The colorful palette with the words “The Art Store – Artistic Picture Framing etc.” is a copy of the little sticker that Frank DeMars put on the back of all the pictures he framed when he had a store on Main St. in Winsted, Conn. between 1904 and 1914.
When we cleaned out the attic in the family house, we found the sticker on the back of several of the framed prints.
Frank H. DeMars lived in northwestern Connecticut. He was born in 1872 in the Robertsville section of Colebrook. He spent most of his life in Winsted and died there in 1942 at the age of 69.
“Like so many of the small entrepreneurs of the period, his background was eclectic. While in high school, he made and sold paper pads and Burpee seeds. … He helped in his father’s garden from which they sold vegetables and fruit and … kept a garden of his own. …He worked at the Boston store in Winsted from 1890-1892 and did odd jobs as far away as Norfolk, like painting, papering and carpentry work.”
“By 1904 he was running an art store at 700 Main Street which featured picture framing. The woman he was to marry, Martha R. Harrison, worked for him in the store. …In 1908 he was advertising ‘postal cards, wholesale and retail’. … By 1912 his store had expanded to 711-715 Main Street.” “DeMars was an amateur photographer and took photographs of the region around Winsted, which were sold in his store, both as ‘real photographs’ and as lithograph cards printed in Germany. After selling the store [in 1914], he continued taking photographs and selling photographic post cards [for a 5 cents each] on an itinerant basis.”

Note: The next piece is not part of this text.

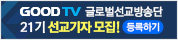 GOODTV이벤트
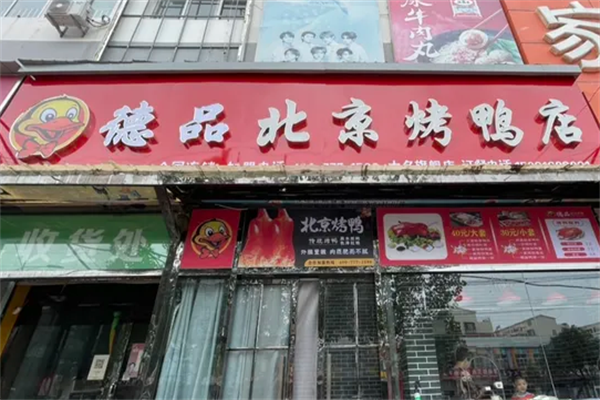 德品北京烤鸭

No one knows exactly when DeMars began to take photographs. It is likely that he learned photography from King T. Sheldon, an early photographer in Winsted and northwestern Connecticut. What is known is that he purchased large numbers of glass negatives from K.T. Sheldon and William Deming, another fine early photographer. There are also pictures from Gilbert Ives (Sandisfield MA area) & Una Klingan (Colebrook CT). At this point, no one knows just who took which pictures. We can assume that DeMars did not take the earliest pictures because they are dated in the 1870’s and 1880’s. That is why we refer to the images as being from the DeMars collection.
DeMars traveled throughout the northwest corner of Connecticut and western Massachusetts photographing the natural world, buildings and events. He developed his photographs in the basement darkroom of his home with the help of his wife and oldest daughter. The images were then transferred onto postcards and when they were dry he took them to the attic and printed the captions on the cards.
“He delivered his post cards to small stores in the area, in lots of 25-50 leaving them on consignment. He traveled by horse and wagon and later a Model T Ford. Every few months he would return to collect his money and replace the cards that were sold.”
“Looking back on the whole output of DeMars, it seems miraculous that he produced so many quality photographs while using methods that were primitive, even by early 20th century standards.” Film became available in the late 1800’s and the first mass-marketed camera, the Brownie, was sold in 1900. Still, DeMars used an old-fashioned camera with glass plates, using a tripod with a black cloth over the photographer’s head. He was never a successful businessman and had very little money; we speculate that he got the cameras and glass plates cheaply and just stuck with what he knew. As it turns out, that was fortunate for us. The glass negatives captured an amazing amount of detail and, for the most part, remain intact one hundred years later.
“He seems to have been consciously out to preserve a visual record of a landscape and a way of life which were disappearing, even at that time.”
Much of this history was taken from an article written by Herbert Richardson in June of 1996.
A recent front page article in the Valley Press (a Farmington Valley weekly) featured this historic project and some pictures from the DeMars Images web site. Although there were some inaccuracies, the reporter certainly captured the spirit of the effort.
“When Peg Giles of Granby started sifting through 5,000 glass plate negatives tucked away in boxes in the attic of her grandfather, Frank H. DeMars’ Winsted home, the mementos become a project to link her to the past and the man himself.” “The interesting thing is I never knew my grandfather. He died in 1942, before my parents even got married,” she said. “I loved holding things that he had held.”
For more of the article, click here.
Many of the pictures are scanned and up on the web site (remember there are 5,000 of them); there are images from approximately 50 towns. Some of the towns have lots of pictures and others just a few.